Two-Phase Commit Walkthrough: The Blocking Problem Nobody Wants to Own

Two-phase commit is the textbook answer for atomic writes across services that do not share a database. It is also the protocol most senior engineers will quietly refuse to run in production. Both things are true at once. Worth understanding why.

Phase one is prepare. The coordinator asks every participant, can you commit this transaction. Each participant does the real work locally: validates inputs, acquires row locks, writes the intent to its own durable log, and only then replies VOTE-YES or VOTE-NO. The durable log is load bearing. If a participant crashes after voting yes, it must be able to come back up, read its log, and honor the vote it already cast.

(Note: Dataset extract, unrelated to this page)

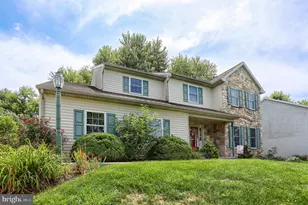 247 Hillcrest Ln, Elizabethtown, PA 17022 - Photo 4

Phase two is the verdict. If every vote was yes, the coordinator writes COMMIT to its own log and broadcasts commit to all participants. Each participant applies the change and releases its locks. If any vote was no, or any participant timed out, the coordinator broadcasts abort and everyone rolls back their prepared state.

The protocol is correct. It is also blocking. After a participant votes yes, it cannot unilaterally decide what to do. It is contractually obligated to wait for the coordinator's verdict, with its locks held. If the coordinator dies between collecting all the yes votes and writing its commit decision, every participant sits there holding locks on rows, waiting for instructions that never come.

A payment platform I worked alongside ran 2PC across a card service and a ledger service so that charges could not exist on one side without the other. One afternoon the coordinator process was killed by the OOM killer right after collecting yes votes from both participants. Both services held row locks on the affected customer accounts. For roughly four hours, no charges and no refunds could go through for the impacted shard, because every new transaction queued behind locks that were waiting on a dead coordinator. The on-call eventually walked through participant logs by hand to resolve each pending transaction.

The fix was not a better coordinator. It was getting out of 2PC for the hot path entirely. The team moved checkout to a saga with explicit compensating actions, and reserved 2PC for offline reconciliation jobs where a stall is recoverable. XA and distributed SQL engines still use 2PC under the hood, but they hide it behind features like presumed abort and aggressive coordinator failover. If availability matters in your call path, 2PC is the wrong tool.